Hang on, now. The little calendar down there in the corner of my computer tells me it’s only the first week of June? Well that’s weird. Eh, must just be a scheduling snafu, there’s no way almost half of the conference had a better season than the ol’ Maize n’ Blue!

So look, it’s a real honor to be contributing directly to Michigan Week here at B1G 2018. Normally, the Friday morning of Michigan week is presumptively reserved for the lead Ohio State writer, but this year he said he had “better things to do than waste even my digital breath on a has-been program that’s looking up at Northwestern more often than not these days.” Ha, he’s probably just out recalibrating the countdown clock until The Game.

But this left me in a real predicament, as it’s a heavy burden to comment on the most successful and relevant program in the conference in the year 2018, the University of Michigan Wolverines. Fortunately, I have a wealth of material from Michigan week to guide my hand. In fact, my greatest inspiration came from none other than site founder LGHF’s Tuesday article. This perspective, coming from a lifelong Michigan fan, one who cared enough about that fandom to launch this site over a decade ago, should really help us all keep in mind what’s most important for college football teams:

Glamorous European vacations!

After all, who could forget Bear Bryant taking the 1963 Alabama team to Brussels? Joe Namath’s impassioned address to the European Economic Community is still credited with contributing to de Gaulle’s decision to block the UK’s entry into the common market, and we all know the tone that set in Francophone leadership of the EEC for the following decade, amirite? Roule la maree!

And had Knute Rockne and the Notre Dame football team not interceded on Leon Trotsky’s behalf during their barnstorming tour of the Soviet Union in 1927, Stalin may well have just had him executed then rather than deporting him.

Of course, students of college football remember John Heisman’s Georgia Tech team and their direct and prominent involvement in convincing the British war government to abandon the disastrous Dardanelles campaign in early 1916, just as his Yellow Jackets were hitting the peak of their dominance in the late 1910s.

What these lessons and so many others teach us, of course, is that history’s greatest football coaches have always prioritized making their charges into men of the world, into prominent ambassadors abroad, just as prominently as making them into winning football players.

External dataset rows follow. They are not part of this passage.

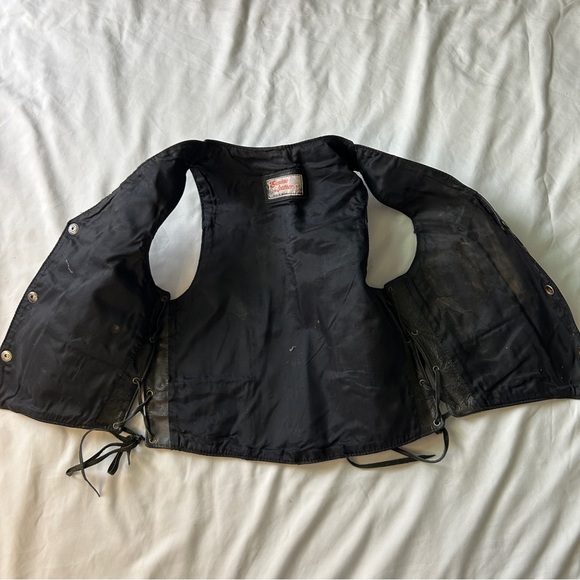 Vintage 70’s 100% leather biker vest - Picture 4 of 6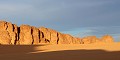 A proximité de Djanet, le premier contact avec le désert, c'est Timras. Traduit du tamachek, la langue Touareg, Timras signifie "molaire" ! Le paysage est impressionnant. De l'océan de sable, émergent d'étranges roches sculptées par le vent : des dents de pierre... sahara,timras,tassili,n ajjer,algérie. 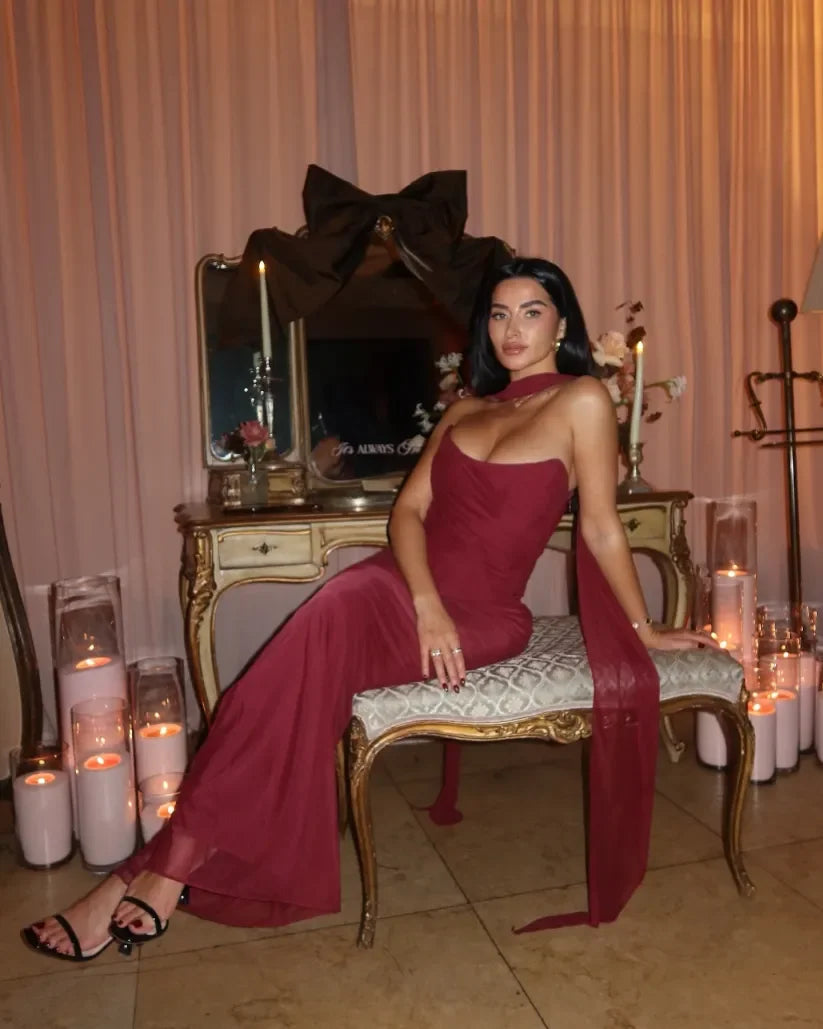 Robe longue sans bretelles en tissu léger avec écharpe assortie, idéale pour les occasions estivales ou décontractées.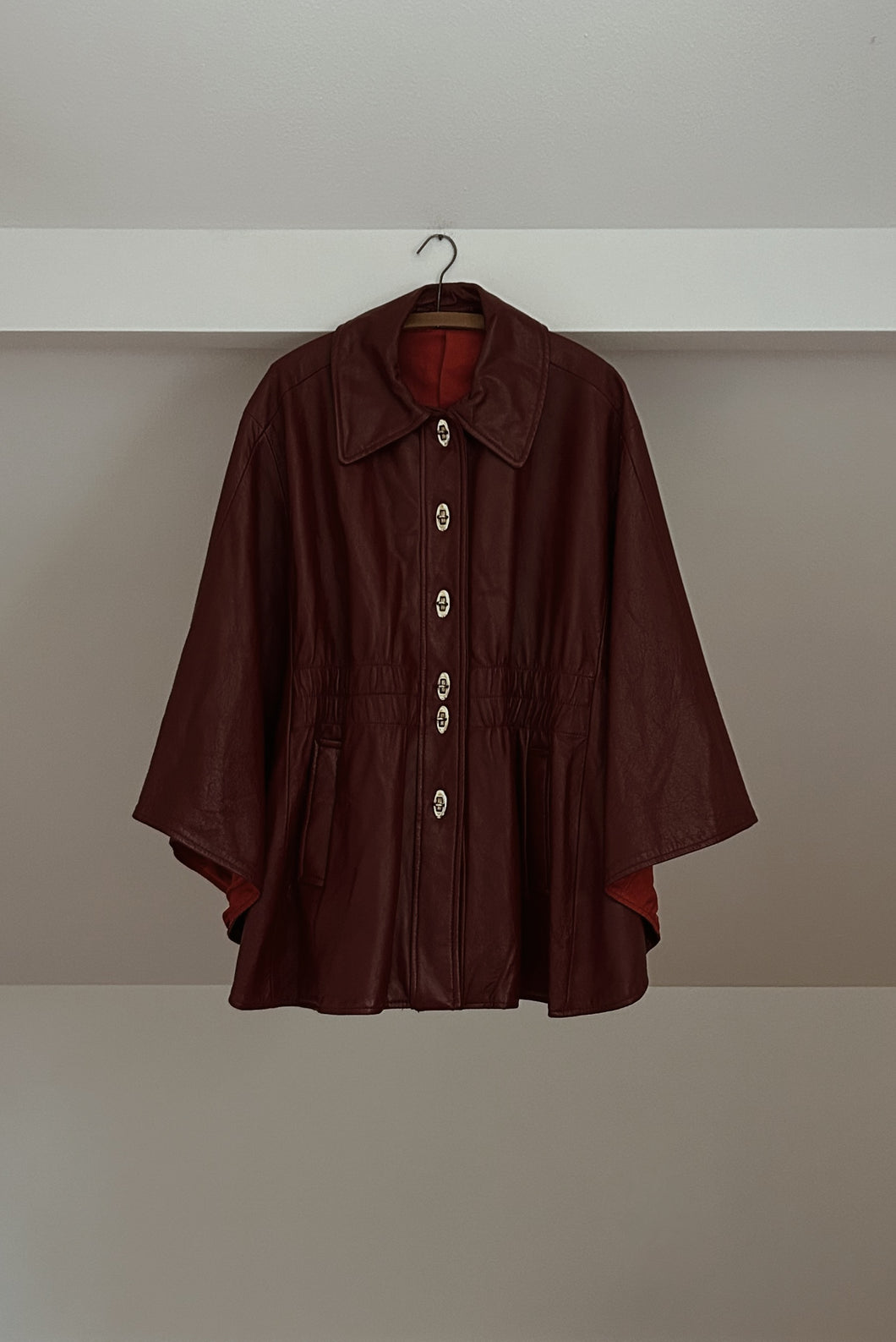 1960's RARE OXBLOOD LEATHER CAPE | SIZE M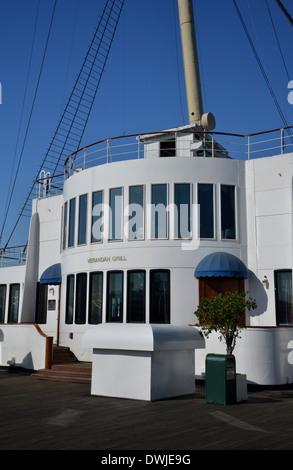 Die Veranda-Grill auf dem Heck des 1936 Art-deco-Cunard Ocean Liner Queen Mary vor Anker in Long Beach, Kalifornien Stockfoto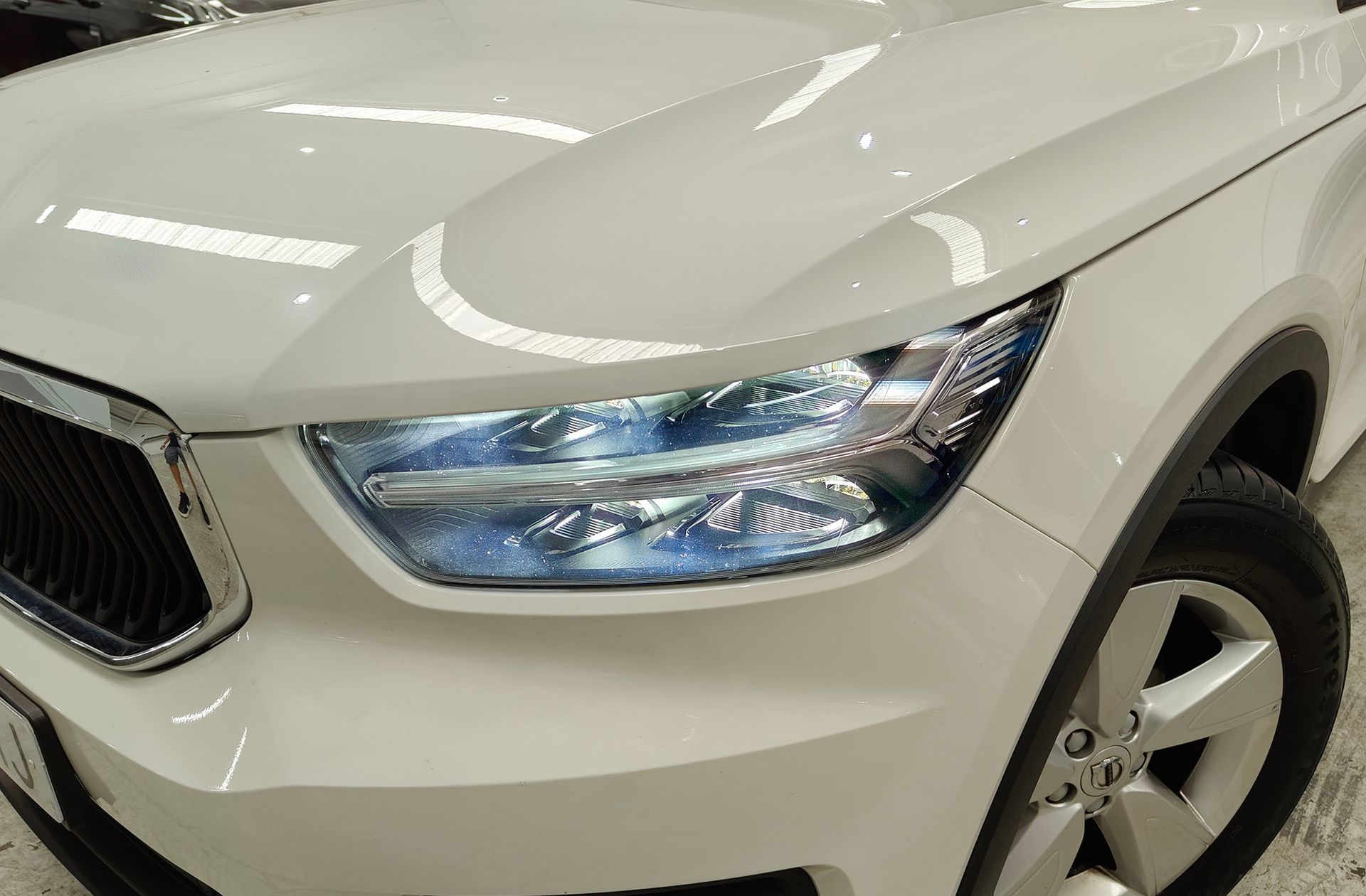 Volvo XC40 T2 Momentum Core - foto 15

The one naturally follows the other and is in no way a headline-seeking distraction from the fact that your program hasn’t sniffed a division title, to say nothing of a conference or national version.

The modern world demands a savvy, new-wave approach, though, and Michigan’s embrace of new media has been second to none. Consider also the Amazon-produced series All or Nothing, a chronicle of the 2017 Michigan football season. First, tip of the hat to Amazon for nailing the choice of the team to follow.

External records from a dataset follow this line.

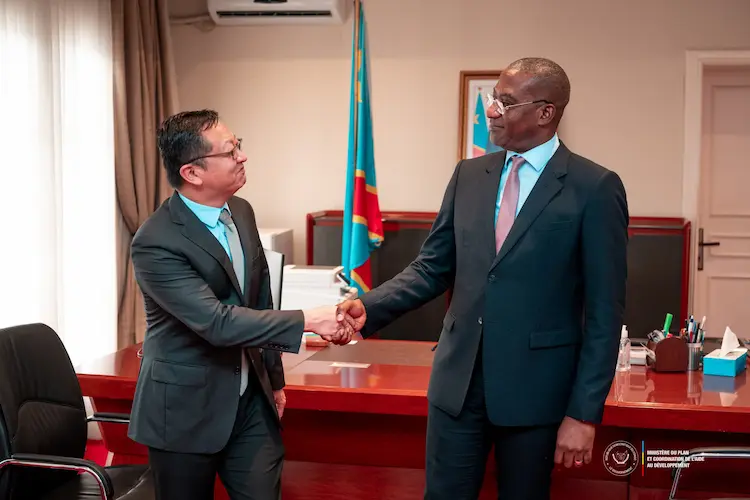 PLAN : Le VPM échange avec l’ambassadeur de Chine sur la coopération…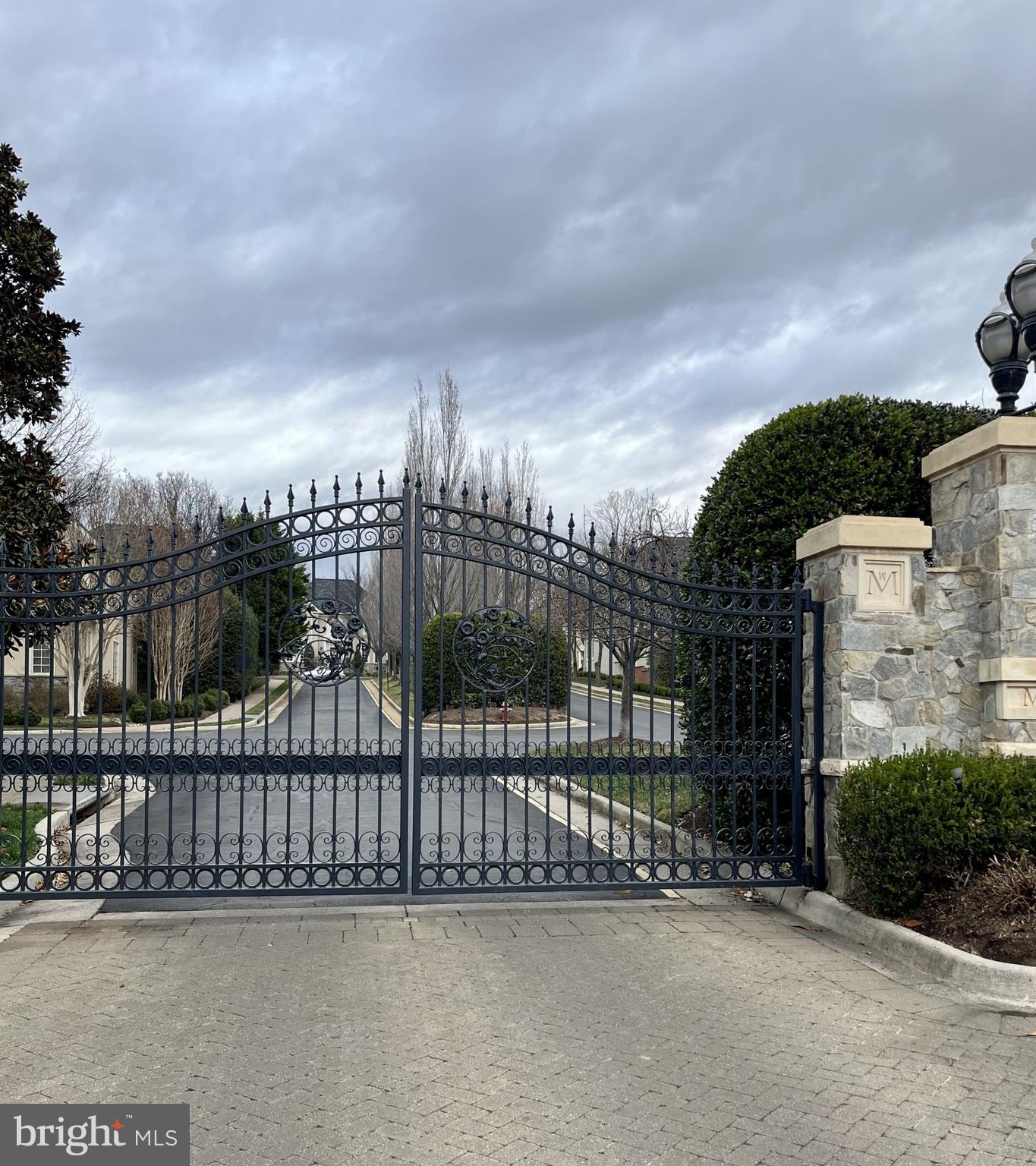 MAPLEWOOD - Residential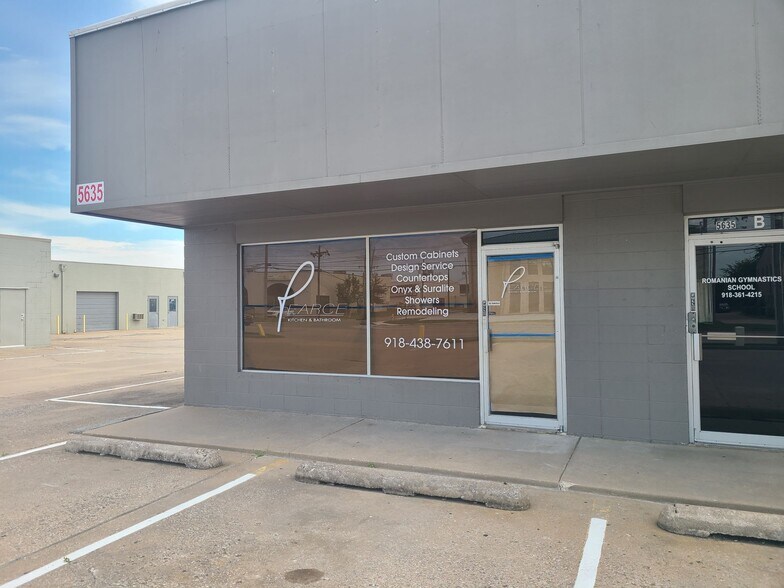 More Photos Of 5515 S Mingo Rd, Tulsa Unknown For Lease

How, indeed, would the impressionable young minds Michigan’s coaching staff is trying to reach learn the importance of adversity in the face of abject inability to get the thing you want most, as they did in the Ohio State episode?

Or of coming very close to achieving a goal but failing, as in the Wisconsin episode?

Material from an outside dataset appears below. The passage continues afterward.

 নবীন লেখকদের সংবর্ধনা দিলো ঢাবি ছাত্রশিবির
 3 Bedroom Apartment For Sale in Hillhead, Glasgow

Or of the importance of foresight and adaptation to something as simple as a change in the weather, as in the Michigan State episode?

Or the value of being able to take a punch, and then another punch, and then several dozen more punches before collapsing in a bloodied heap, as in the Penn State episode?

These, gentle readers, are more valuable lessons than could ever be imparted through raising gauche trophies or living up to your inherited, unearned reputation. Michigan Football was, is, and will remain a lesson in humility in an age that needs more of it. And so, to Tuesday’s question, posed in headline form: is he [Harbaugh] winning? Brother, given how satisfied its fans are with all that he’s accomplishing, what can the answer to that question be?